Let’s go back a little bit. It’s not an unusual scenario to have the family member say I think he’s starting to wake up despite the negative prognosis and the medical personnel ignore them. So tell us what was it that you were sensing – other than just your own hope – what were you actually physically sensing, observing, that you can see that the medical people and their negative prognosis weren’t seeing?
I would go in there and he would squeeze my hand when we talk to him, and every time I would talk he would squeeze my hand and then –
What were you saying to him that he would, you felt he was responding?
I was just talking to him. I don’t know exactly what I was saying or at that point. You know, I just knew that he was listening and I would always tell him, you know…
Her voice trailed off as she was unable to finish the words “always tell him that I loved him.” For all the tragedy, negative prognosis and heartache that we talked about with Mike and his wife, it was at this moment, that she started to cry, and then he joined in too.
Despite all the medical negative prognosis that Mike’s wife received, she chose to ignore it and only looked at the progress that she recognized that Mike was making.

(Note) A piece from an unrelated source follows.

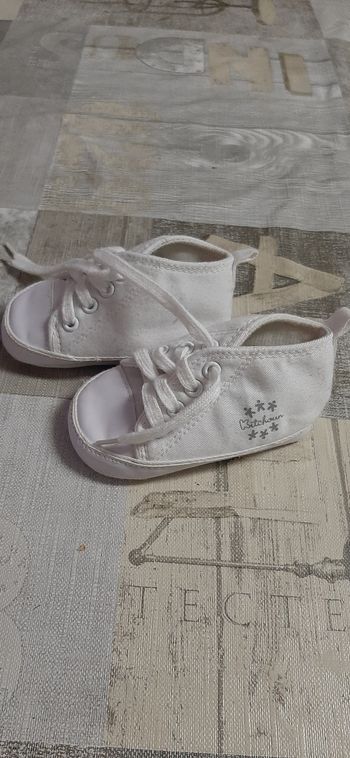 Chaussures tissus blanches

Medical Negative Prognosis Not Always Right
Put in a historical perspective, neurosurgeons are miracle workers, able to save lives that couldn’t possibly have been saved 50 years ago, before helicopters got the patient to them in time, before CT scans could show clearly what was wrong and sophisticated surgery techniques developed to relieve increased intercranial pressure. But for all the miracles, neurosurgeons are lousy fortune tellers. There is no science which can tell us who will awake, who will not. Until a coma has persisted for significantly more than a month, the wives, the mom’s, should continue to insist that there is hope despite all the medical negative prognosis.